The transformation Mégret describes from protecting individual “aliens” (or, in this case, asylum seekers) to entire “diasporas” is particularly relevant: while individual admission remains formally controlled by state authorities, diaspora communities’ collective political capital can reshape the underlying policy framework that determines admission patterns. Much like how labor movements historically secured rights through collective action despite lacking formal legal authority, diaspora networks can influence admission policies through coordinated pressure on both sending and receiving states.

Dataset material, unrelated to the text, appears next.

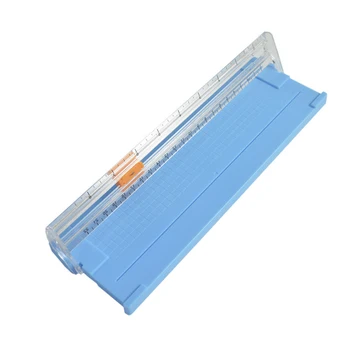 

Paper Cutter Portable Mini Scrapbooking Home Stationery Photo Trimmer Office Sliding DIY Safe Cutting Tool Precise Clear Scale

This represents what might be termed “indirect admission leverage” – where communities unable to directly control borders nonetheless exercise meaningful influence over the regulatory architecture of admission through sustained collective action across multiple political and economic channels.

The strategic mobilization of kinship rights – particularly through family reunification policies and marriage-based immigration – represents a significant avenue through which diaspora communities can facilitate admission while operating within established legal frameworks. Beyond their authentic expression of family bonds, these kinship-based pathways can serve broader community interests in maintaining migration channels even during periods of restrictive immigration policy. Kinship-based migration operates at both personal and community levels – individual family ties become part of a broader network of community-sustaining relationships and arguably realize a form of self-determination.

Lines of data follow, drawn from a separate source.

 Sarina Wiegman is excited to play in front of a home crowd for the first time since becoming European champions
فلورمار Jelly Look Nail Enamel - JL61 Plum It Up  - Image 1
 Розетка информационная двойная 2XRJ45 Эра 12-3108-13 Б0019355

While states maintain formal control over family reunification policies, the constitutional protection of family rights in many jurisdictions, combined with international human rights law’s robust protection of family life, still creates opportunities for sustained legal advocacy that may be more resilient to political headwinds than the frameworks of traditional refugee law.

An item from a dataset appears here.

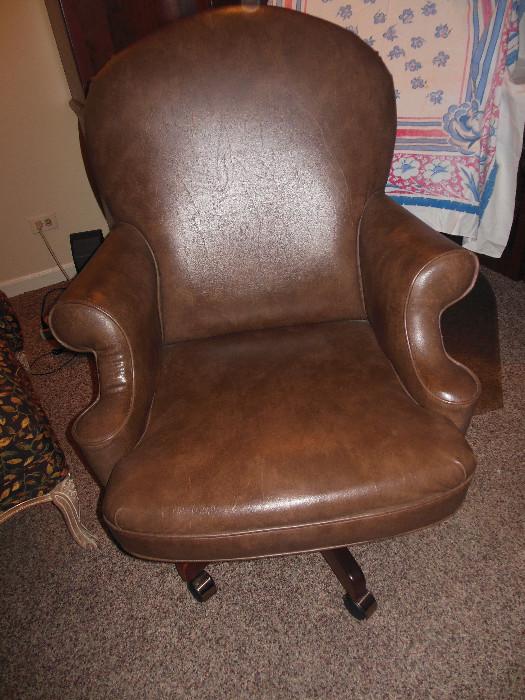 Walter E Smith..Leather Ohh so comfy Office Chair.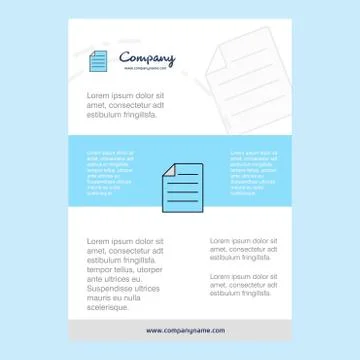 Template layout for Document comany profile ,annual report, presentations, le Stock Illustration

This intersection of authentic kinship bonds and strategic community interests illustrates how diaspora networks can leverage existing legal frameworks. However, it might be interesting to recall that, in a famous line of cases, the Israeli Supreme Court compromised the right to family of its Palestinian citizens, ultimately framing family unification not only as a security concern. Even in a period that now seems much more “liberal,” the Court disallowed family reunification as a mode to “change the demographic composition” and stealthily realize refugee return “through the back door.” Family-based strategies, in other words, are far from immune from backlash.

In the bottom line, all these proposals are merely preliminary, and none of them offers a silver bullet. The fundamental tension between protection and displacement, laid bare by UNRWA’s imminent dissolution, reveals a deep internal rift within existing legal frameworks – a kind of schizophrenia, if you will.

Advocates and lawyers working in related fields must acknowledge and not shy away from these structural and internal breaks while seeking alternative legal avenues through which struggles for liberation can continue — on all sides of international borders. Diaspora-based protection networks are neither substitutes for formal legal rights nor can they, on an experiential level, replace a home. Nonetheless, in the near future, they may represent the only available paths for maintaining political identity and agency around hard borders and hostile environments.